Figure 8.

PARP inhibitor resistance induces genomic instability and chromosomic rearrangements in ATM-deficient PDAC cells. (A) Schematic representation of PARPi-resistant Atm^fl/fl; LSL-Kras^G12D/+; Ptf1a^Cre/+ cells (R-AKC) generation. (B) Viability assay analysis of olaparib treatment (PARPi) in Atm^fl/fl; LSL-Kras^G12D/+; Ptf1a^Cre/+ (AKC), R-AKC and, R-AKC cells propagated without olaparib for 32 days (R-AKCw/o). (C) Colony formation assay on AKC and R-AKC cells treated with varying combinations of olaparib. (D) MTT assay-based cell growth of AKC and R-AKC cells (over the course of 7 days). (E) Cell cycle analysis by flow cytometry using DAPI DNA staining of AKC and R-AKC cells. (F) Direct fluorescence staining of DNA by DAPI (white) and (G) quantification of micronuclei in AKC and R-AKC cells. White arrows show micronuclei (M) and cytokinesis bridge (Cy).
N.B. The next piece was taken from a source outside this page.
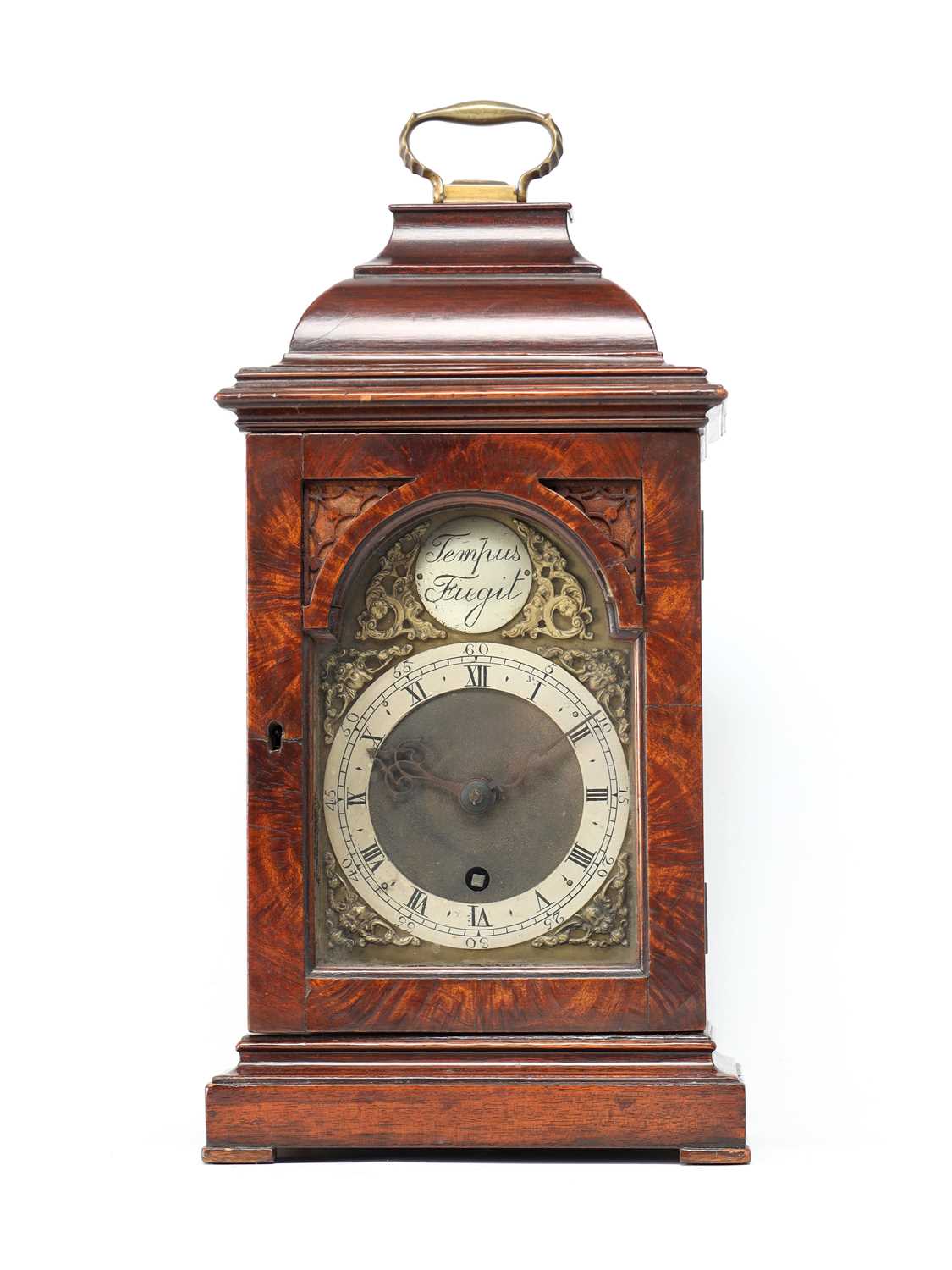 Lot THOMAS HOUSE, LONDON AN EARLY 20TH CENTURY BURR WALNUT SINGLE FUSEE MINIATURE BRACKET CLOCK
Scale bars represent 10 µm. (H) Whole exome sequencing-based evaluation of genomic alterations (SNV, single nucleotide variants; Indels, insertions/deletions; CNA, copy number alteration) in R-AKC versus AKC cell lines. (I) Whole exome sequencing-based copy number profiles for a parental AKC (upper panel) and respective R-AKC (lower panel) cell lines. (J) Whole exome sequencing-based copy number profile of the Abcb1 amplicon region for parental AKC and respective R-AKC cell lines. (K) RNA sequencing-based gene expression of six genes located at the Abcb1 amplicon, in R-AKC versus AKC cells. Data show log₂ ratios obtained from three RNA sequencing technical replicates performed on the parental AKC and R-AKC cell lines used in (I). (L) qRT-PCR analysis of drug efflux transporters and (M) xenobiotic detoxification enzymes gene expression in AKC and R-AKC cells.